It is a story that is beautiful and awful, innocent and gritty.

But as much as anything, it is real.

The film is the tale of impoverished families cobbling together hard-knock lives in a cheap motel in Kissimmee — parents struggling to find each week’s rent and the scrappy children who manage to find joy and adventure in parking lots, abandoned buildings and at a soft-serve ice cream stand.

It’s the story not shown in Orlando’s travel brochures — one that reveals the underbelly of a community built on the backs of people who change bed linens and work griddles for a living.

“That is us,” said Eric Gray as the final credits began to roll at a screening last week at the Enzian Theater in Maitland. “All of it. It’s just … us.”

Gray knows. He works on the front lines of Central Florida’s war on poverty. As the director of United Against Poverty in south Orlando, he helps the city’s working poor with food, health care, education and job training.

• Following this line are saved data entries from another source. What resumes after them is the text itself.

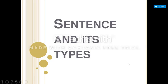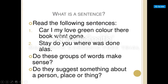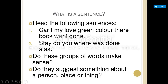Dear students, have a look at these sentences: 'car I my love green color their book went gone stay do you wait was done a loss I have.' Do these groups of words make sense? Do they suggest something about a person or place? Sentences are not merely a group of words.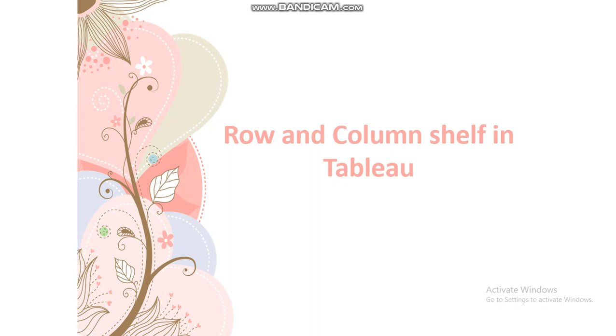Hello everyone, welcome to my channel. In this video, I'm going to explain row shelf and column shelf in Tableau and how they play an important role in creating a visualization.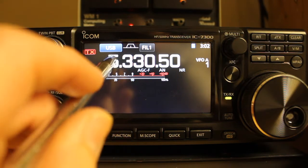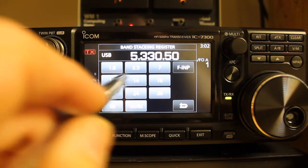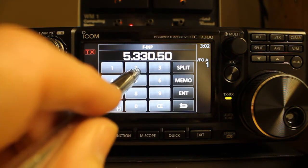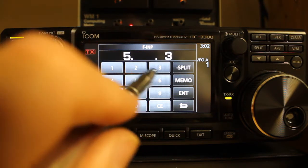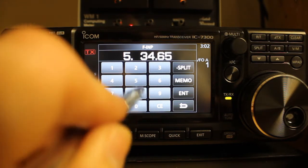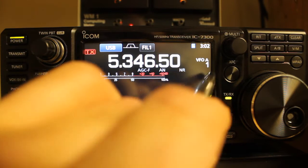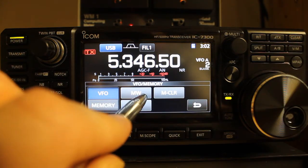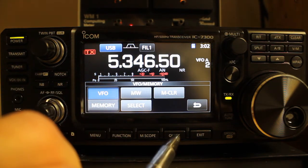Now we'll enter our additional channel information for channel 2. So we're going to do Frequency Input and then set the transceiver displayed frequency to 5.34650. INT. Then touch the channel display number, increment to number 2, press and hold MW. Now we're saved.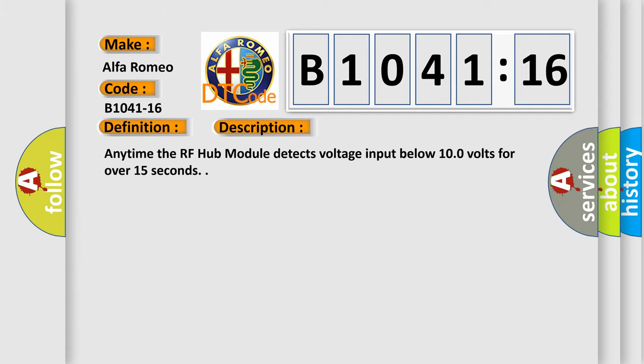And now this is a short description of this DTC code. Any time the RF hub module detects voltage input below 10.0 volts for over 15 seconds.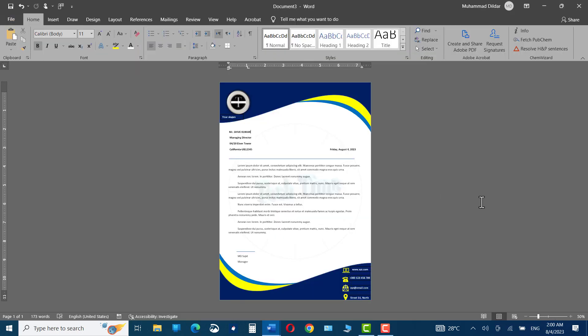Our design is ready. You can simply go to the File section and save it as a PDF or whatever format you would like. I hope you found this tutorial useful — please give it a thumbs up and thanks for watching.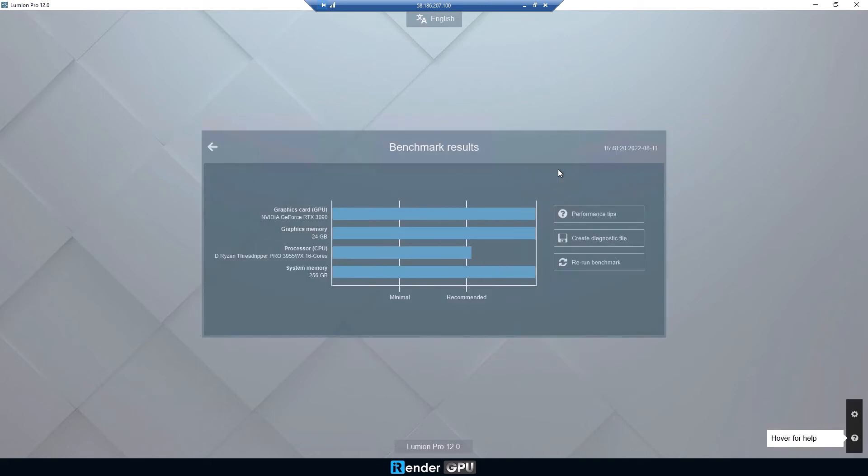After checking the benchmark, here's the result. The one RTX 3090 server and CPU AMD Ryzen Threadripper Pro 3955WX meet high-end system requirements for Lumion. iRender is currently listed as the best cloud rendering service for Lumion. You can read the list on Lumion's website.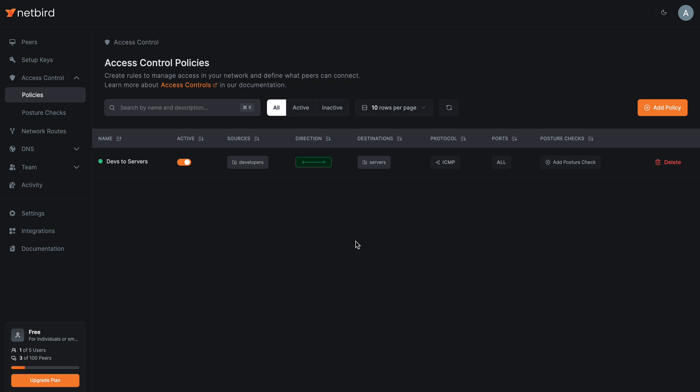Now I want to extend the static check with some context around the developers to again reduce the attack surface in case identity has been stolen. I want to allow only developers that are within specific countries to access the servers, and those who have the latest NetBird client version installed. Additionally, I want to prevent these developers from accessing the servers via mobile devices.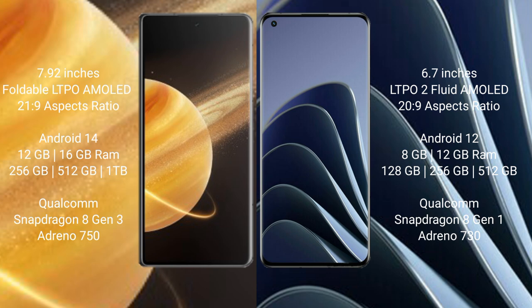Honor Magic V3 runs on the Android 14 operating system. It comes with 12GB, 16GB RAM and 256GB, 512GB, 1TB internal storage. Qualcomm Snapdragon 8 Gen 3 processor with GPU Adreno 750.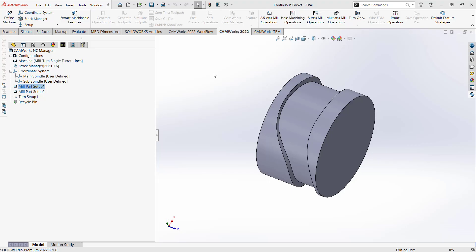Hello, my name is Mark Mimato. I'm a CAM application specialist here at Hawk Ridge Systems, and in this video I'm going to show you how you can program a continuous pocket or a continuous slot.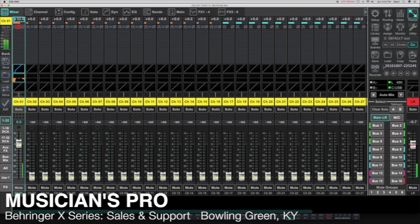I want to do this quick video over one of the largest problems that I see on the forums and user groups, and that is new users of the Xair and X32 having problems getting their effects to work.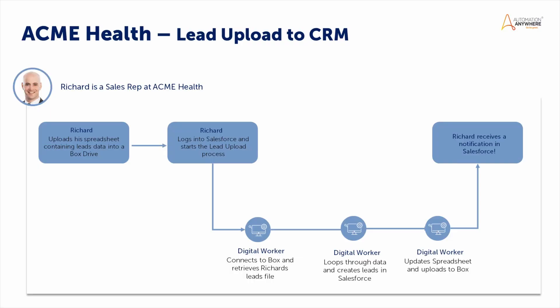Richard, a sales rep at Acme Health, participates in user conferences quite often, and he's responsible for manning a booth and helping attendees learn more about their business's products and services. It's a great place for him to meet new people and generate new leads for follow-up when he returns to the office.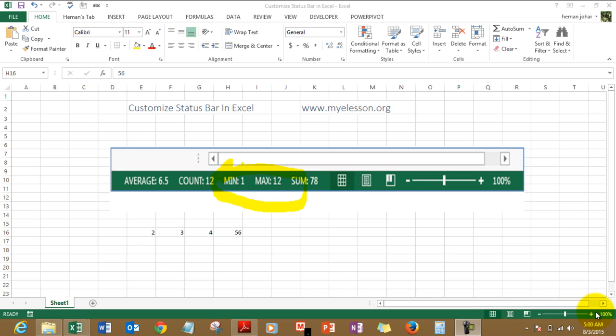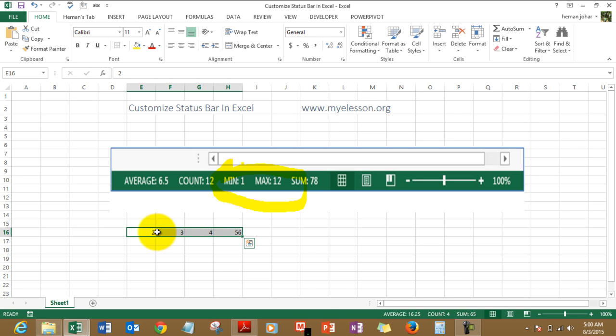It usually has standard features mentioned over here: the zoom bar, the zoom status, the page view options. And in case you have something mentioned in numbers over here, it will tell you the average, the count, the sum.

His clients aren’t bums or deadbeats. Most have jobs, yet still can’t make ends meet.

This is Orlando’s story.

We are so many wonderful things — awash in culture, cuisine, diversity and unrivaled recreation.

But we are also poor.

The average job here pays lower than most any major metro area in America.

The latest quarterly Census data show Orlando 23rd in population and 138th in wages.

We trail places like Detroit; Huntsville, Ala.; Charleston, W.Va.; Corpus Christi, Texas; and gobs of places where the cost of living is lower.

Our affordable-housing shortage is so severe we have just 18 rental units for every 100 low-income families, says the National Low Income Housing Coalition.

When Habitat for Humanity offered 50 homes last year, it had 1,700 applications.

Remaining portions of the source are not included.